When you’re working on your own, it’s okay that the answers to these questions and others like them live only in your head, because you’re the only person who needs to have access to them. But the more people you add to your team, the more important it becomes for that knowledge about the ins and outs of your company to live somewhere other than inside your head.

 

5. Let your team be the experts you’re paying them to be

A common problem that plagues first-time people-hirers: the tendency to be a helicopter entrepreneur.

We know where this impulse comes from: your business is your baby, and at first, sure — it’s scary to imagine someone else taking care of your baby.

But just like a new mom and dad going out for your first date night when Junior is one year old — at some point, you have to cut the cord.

If you take a step back and think about it from a purely financial perspective, it’s pretty easy to see how getting in your team’s way doesn’t make sense.
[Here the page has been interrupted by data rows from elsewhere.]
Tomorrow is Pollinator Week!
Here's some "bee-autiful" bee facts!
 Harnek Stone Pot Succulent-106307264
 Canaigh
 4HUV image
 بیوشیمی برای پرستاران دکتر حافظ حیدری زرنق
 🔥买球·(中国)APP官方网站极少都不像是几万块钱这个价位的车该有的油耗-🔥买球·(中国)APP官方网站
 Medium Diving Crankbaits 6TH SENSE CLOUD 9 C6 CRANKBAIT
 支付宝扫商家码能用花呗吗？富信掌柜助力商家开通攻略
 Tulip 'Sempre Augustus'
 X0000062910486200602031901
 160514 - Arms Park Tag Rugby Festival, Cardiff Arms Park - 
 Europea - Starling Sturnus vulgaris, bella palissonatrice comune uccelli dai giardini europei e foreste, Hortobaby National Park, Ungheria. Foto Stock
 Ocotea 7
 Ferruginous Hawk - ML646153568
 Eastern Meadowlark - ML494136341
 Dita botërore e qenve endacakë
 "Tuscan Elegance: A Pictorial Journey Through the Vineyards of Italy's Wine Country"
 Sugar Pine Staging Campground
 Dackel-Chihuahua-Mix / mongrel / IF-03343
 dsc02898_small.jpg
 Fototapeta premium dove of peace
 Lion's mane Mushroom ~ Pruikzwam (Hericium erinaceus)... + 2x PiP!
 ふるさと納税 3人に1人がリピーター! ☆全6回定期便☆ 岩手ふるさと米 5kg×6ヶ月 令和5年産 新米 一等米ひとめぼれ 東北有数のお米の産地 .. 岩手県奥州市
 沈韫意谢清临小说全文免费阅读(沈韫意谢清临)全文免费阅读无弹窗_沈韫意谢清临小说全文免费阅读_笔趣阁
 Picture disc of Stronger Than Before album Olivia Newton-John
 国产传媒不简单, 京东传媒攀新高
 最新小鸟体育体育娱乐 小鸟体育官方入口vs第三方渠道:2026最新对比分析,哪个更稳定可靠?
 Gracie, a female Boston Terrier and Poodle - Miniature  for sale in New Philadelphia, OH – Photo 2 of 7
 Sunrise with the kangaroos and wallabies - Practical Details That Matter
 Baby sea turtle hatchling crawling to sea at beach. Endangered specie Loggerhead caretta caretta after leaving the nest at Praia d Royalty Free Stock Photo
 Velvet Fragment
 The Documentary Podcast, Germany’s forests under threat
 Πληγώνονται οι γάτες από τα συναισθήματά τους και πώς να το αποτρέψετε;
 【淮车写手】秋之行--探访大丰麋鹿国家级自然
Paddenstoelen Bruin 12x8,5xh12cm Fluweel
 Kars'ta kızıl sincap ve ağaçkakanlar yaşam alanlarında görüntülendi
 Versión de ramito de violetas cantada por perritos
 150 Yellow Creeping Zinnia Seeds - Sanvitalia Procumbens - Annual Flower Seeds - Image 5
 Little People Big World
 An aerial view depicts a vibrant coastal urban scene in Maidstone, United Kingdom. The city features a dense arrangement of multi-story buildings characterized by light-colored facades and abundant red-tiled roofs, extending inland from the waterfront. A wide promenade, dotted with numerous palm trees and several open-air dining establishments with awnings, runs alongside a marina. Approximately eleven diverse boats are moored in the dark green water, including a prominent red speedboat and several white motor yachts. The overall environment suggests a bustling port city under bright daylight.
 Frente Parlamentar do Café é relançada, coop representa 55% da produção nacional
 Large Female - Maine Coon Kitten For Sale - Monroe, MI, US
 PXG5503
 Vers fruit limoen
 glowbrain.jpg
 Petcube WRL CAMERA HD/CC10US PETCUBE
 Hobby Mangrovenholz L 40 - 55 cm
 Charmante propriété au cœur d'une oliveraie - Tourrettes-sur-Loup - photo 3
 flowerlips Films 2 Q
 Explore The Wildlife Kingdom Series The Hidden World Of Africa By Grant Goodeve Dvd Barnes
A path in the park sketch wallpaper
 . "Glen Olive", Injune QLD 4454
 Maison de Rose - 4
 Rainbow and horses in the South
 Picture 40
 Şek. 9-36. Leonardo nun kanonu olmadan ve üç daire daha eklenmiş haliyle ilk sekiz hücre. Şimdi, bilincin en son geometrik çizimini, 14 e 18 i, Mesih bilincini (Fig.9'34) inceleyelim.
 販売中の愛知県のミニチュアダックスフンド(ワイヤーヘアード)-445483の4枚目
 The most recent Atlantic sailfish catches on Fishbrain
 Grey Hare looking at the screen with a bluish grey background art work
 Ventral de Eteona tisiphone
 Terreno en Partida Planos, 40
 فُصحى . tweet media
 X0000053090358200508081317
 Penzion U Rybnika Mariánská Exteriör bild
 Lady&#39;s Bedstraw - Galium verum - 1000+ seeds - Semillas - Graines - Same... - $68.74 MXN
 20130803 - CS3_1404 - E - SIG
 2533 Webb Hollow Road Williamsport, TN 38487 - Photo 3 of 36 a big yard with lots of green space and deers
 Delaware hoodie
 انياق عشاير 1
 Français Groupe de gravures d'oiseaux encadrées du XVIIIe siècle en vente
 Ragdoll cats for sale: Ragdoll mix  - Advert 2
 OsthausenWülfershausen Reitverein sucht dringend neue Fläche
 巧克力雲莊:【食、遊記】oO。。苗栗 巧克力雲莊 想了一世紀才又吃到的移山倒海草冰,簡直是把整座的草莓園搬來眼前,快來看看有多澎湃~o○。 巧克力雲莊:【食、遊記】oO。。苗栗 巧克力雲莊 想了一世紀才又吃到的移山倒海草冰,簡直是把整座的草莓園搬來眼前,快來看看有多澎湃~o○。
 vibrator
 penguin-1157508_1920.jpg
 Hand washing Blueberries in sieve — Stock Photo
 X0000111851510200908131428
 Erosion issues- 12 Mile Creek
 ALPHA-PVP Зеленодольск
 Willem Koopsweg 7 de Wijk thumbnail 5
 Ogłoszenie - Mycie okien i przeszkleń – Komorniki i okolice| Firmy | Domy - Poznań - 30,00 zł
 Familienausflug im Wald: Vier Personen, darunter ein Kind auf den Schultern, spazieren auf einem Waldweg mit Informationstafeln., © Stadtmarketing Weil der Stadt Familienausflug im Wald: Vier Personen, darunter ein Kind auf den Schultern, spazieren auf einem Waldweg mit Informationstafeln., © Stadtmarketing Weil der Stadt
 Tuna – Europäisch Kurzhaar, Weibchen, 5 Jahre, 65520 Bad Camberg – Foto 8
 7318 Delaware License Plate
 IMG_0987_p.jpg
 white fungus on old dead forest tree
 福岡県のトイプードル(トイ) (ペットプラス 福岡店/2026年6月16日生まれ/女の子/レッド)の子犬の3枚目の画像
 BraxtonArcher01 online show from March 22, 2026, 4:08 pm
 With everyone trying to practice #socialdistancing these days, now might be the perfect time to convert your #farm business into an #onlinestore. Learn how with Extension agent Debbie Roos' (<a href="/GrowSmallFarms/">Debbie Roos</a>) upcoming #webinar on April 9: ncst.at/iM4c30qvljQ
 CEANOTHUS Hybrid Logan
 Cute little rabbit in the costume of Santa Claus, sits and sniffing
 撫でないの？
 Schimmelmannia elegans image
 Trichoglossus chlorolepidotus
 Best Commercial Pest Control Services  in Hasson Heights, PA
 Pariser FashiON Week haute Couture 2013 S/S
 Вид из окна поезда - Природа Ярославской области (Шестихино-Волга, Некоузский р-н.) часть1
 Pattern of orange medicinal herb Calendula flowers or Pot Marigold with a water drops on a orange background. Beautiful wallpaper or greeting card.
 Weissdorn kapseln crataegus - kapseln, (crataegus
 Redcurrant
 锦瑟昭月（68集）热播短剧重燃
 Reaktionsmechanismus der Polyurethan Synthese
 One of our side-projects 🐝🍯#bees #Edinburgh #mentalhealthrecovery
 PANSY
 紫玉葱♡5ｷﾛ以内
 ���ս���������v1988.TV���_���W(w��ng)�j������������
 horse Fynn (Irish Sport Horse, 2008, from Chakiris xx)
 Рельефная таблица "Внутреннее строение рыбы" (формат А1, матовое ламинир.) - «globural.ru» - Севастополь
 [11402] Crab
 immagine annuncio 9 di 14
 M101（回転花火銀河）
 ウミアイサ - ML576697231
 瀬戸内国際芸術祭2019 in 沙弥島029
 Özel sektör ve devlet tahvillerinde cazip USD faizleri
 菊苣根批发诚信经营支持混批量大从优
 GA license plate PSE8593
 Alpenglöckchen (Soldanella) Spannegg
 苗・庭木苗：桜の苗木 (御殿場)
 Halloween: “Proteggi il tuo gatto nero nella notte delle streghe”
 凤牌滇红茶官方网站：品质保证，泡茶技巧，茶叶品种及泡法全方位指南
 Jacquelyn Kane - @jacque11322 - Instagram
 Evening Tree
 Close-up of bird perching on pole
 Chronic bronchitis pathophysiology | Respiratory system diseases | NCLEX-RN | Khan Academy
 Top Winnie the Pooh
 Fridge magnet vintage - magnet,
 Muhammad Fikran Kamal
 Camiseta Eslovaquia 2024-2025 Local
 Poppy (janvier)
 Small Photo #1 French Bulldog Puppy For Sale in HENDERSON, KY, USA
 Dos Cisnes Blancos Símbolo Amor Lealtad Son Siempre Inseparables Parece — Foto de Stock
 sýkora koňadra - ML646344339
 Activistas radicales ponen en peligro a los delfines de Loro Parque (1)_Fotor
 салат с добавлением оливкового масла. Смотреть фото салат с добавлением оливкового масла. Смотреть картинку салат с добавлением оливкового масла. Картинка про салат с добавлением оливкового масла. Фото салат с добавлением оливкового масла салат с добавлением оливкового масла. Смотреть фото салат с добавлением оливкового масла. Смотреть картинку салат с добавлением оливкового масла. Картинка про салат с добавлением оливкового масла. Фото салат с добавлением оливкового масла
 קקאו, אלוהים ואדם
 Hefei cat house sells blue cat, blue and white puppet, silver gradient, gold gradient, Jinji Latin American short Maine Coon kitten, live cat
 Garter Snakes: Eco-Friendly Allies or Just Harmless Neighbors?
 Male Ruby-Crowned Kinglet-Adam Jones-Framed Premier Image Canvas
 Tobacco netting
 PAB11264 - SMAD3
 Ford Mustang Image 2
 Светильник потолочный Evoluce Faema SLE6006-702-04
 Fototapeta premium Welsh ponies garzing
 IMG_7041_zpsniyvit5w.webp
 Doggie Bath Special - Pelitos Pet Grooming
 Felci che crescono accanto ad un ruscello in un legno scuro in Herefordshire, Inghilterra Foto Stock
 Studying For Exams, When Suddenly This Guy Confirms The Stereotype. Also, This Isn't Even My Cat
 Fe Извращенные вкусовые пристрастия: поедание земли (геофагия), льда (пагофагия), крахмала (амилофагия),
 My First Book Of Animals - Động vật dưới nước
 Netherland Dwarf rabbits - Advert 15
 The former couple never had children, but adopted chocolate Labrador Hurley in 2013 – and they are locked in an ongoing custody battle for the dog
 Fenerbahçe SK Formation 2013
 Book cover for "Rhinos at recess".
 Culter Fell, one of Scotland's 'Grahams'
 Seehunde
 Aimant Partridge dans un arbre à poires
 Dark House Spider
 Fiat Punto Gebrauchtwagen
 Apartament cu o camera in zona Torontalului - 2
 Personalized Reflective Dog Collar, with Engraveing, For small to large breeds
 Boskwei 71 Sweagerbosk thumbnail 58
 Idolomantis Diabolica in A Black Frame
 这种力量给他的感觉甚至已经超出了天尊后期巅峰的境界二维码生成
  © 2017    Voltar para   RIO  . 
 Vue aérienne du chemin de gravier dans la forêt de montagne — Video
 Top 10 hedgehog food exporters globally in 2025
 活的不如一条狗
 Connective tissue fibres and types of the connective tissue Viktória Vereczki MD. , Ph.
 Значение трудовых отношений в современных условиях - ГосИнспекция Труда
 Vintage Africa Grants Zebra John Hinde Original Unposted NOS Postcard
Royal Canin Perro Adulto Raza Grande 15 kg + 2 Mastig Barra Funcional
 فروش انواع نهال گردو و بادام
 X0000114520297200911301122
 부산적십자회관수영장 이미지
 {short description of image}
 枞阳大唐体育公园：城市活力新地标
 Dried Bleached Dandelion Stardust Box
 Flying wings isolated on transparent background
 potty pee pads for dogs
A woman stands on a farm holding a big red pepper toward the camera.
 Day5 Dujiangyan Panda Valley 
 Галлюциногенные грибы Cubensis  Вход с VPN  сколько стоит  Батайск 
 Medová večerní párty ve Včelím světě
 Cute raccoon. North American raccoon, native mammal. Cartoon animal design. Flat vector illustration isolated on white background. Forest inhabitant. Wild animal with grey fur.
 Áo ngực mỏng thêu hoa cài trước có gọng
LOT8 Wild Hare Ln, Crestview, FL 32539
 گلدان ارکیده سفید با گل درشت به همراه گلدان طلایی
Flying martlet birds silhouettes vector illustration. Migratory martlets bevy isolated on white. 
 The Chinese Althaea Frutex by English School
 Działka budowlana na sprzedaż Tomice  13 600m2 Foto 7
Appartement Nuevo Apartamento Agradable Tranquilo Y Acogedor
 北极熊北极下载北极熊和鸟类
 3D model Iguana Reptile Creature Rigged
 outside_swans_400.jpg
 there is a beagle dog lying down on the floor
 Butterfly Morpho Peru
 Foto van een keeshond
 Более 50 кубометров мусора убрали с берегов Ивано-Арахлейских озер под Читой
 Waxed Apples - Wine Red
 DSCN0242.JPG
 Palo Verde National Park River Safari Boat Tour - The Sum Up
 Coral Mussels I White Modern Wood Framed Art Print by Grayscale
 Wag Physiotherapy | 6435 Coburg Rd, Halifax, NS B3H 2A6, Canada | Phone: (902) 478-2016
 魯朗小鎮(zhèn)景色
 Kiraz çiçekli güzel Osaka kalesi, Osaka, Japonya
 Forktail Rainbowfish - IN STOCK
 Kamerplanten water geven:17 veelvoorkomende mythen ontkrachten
You’re paying this person — hopefully you’re paying them well — to do this project for you. If you’re continually getting in their way — and spending more time (and thus, more money) by doing so — isn’t that a little bit counterproductive?

 

6. Create opportunities to grow

Trusting your team isn’t just about letting them rock the tasks they’re already great at. Sometimes, it’s just as much about letting them try something they could become great at if given the change.

“Even when it’s something you know you can do faster — they have to learn. Sometimes it takes three days when it could take you 10 minutes, just because of back and forth — but it’s an investment for the future [of the business].”

One recent example of this on the Comme une Française team? Writing sales emails. Géraldine had been the sole sales writer on her team for most of the history of the business. But as the business continues to grow, it makes less and less sense for that work to rest solely on Géraldine’s plate (keep that “can someone else do this as well or better?” metric in mind).

So now, content writer Megan Elliot has stepped up to the plate.

 

7. Know that your team has got this

A big part of being a leader is maintaining a sense of proportion — especially when the team is taking a swing at something they haven’t tried before.

A big, big reason that Géraldine is able to be so relaxed about things like deadlines: she knows she can lean on her team, one way or another, to get things done.